Gary asks Dale if he sees Health Catalyst getting into the consumer applications space. Dale says the data operating system they build has three missions of data, including analytics, workflow application development and interoperability. They can build applications on top of that data operating system. We have a care management platform that we call a data first application so it looks like an analytics engine but it is really about the workflow of care management. We’ll eventually put some patient-facing app on that as soon as the market calms down. That touchstone repository that I mentioned earlier is the national repository that I would eventually like to expose to the public so you, I and ken can query that national repository to other patients like me to see other patients like me where they are being treated, how they are being treated and eventually allow them to socially interact with other patients who are like them. We have to create social interactions between patients like all of us that’s what will keep people coming back.

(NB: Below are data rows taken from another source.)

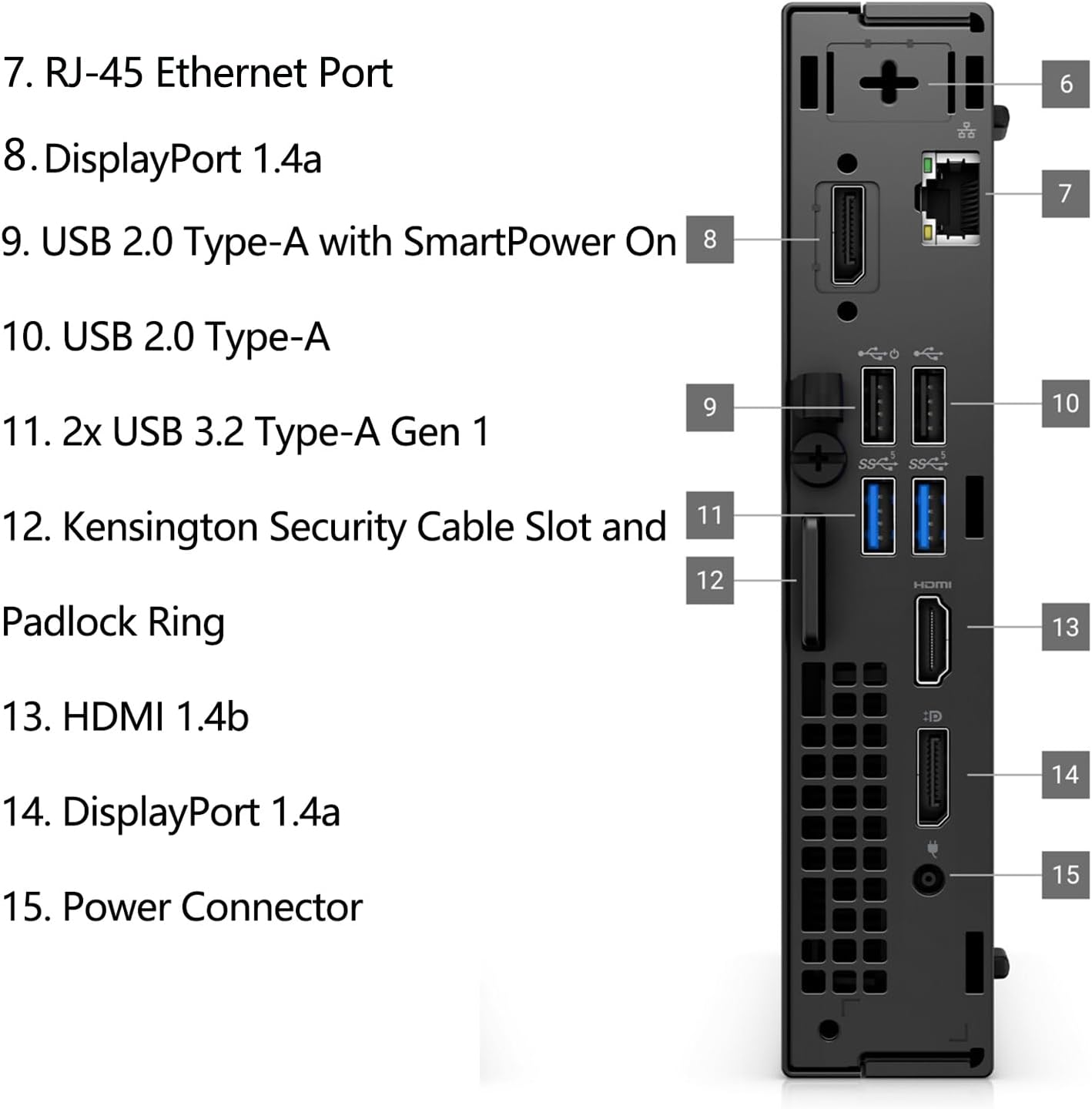 Dell 2026 OptiPlex 7010 Compact Mini Desktop Computer for Office & Home, Lifetime Office 365, Copilot AI, 16GB DDR5 RAM, 256GB PCIe SSD, WiFi 6E, Triple 4K Display, Windows 11 Pro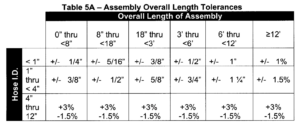 Corrugated Metal Hose Assembly Specification Guidelines, by NAHAD.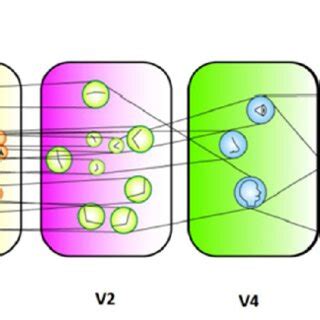 Image result for Neural Cortex Demos
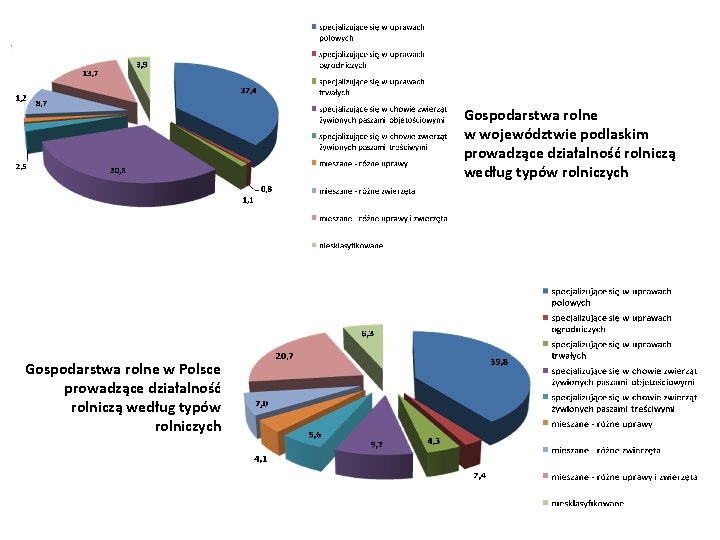 Gospodarstwa rolne w województwie podlaskim prowadzące działalność rolniczą według typów rolniczych Gospodarstwa rolne w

Dale gives a primer about healthcare from a battlefield perspective. In the nuclear decision space, a lot of time is spent on subjective and objective data fusion as well as its reliability. The military has formalized decision making and the data required to support decision making. There’s a concept known as intelligent preparation for the battlefield, which can be overlapped conceptually onto healthcare. We can build the digital battlefield of healthcare that would support population health, public health, ambulatory care, the framework applies.
What is the biggest change we are going to see in healthcare next year? Dale says we will see a relaxation in some of the rules for FDA clinical trials. Additionally, he would like to see an increased emphasis on what we need to do to make quality measures more effective, less burdensome for clinicians.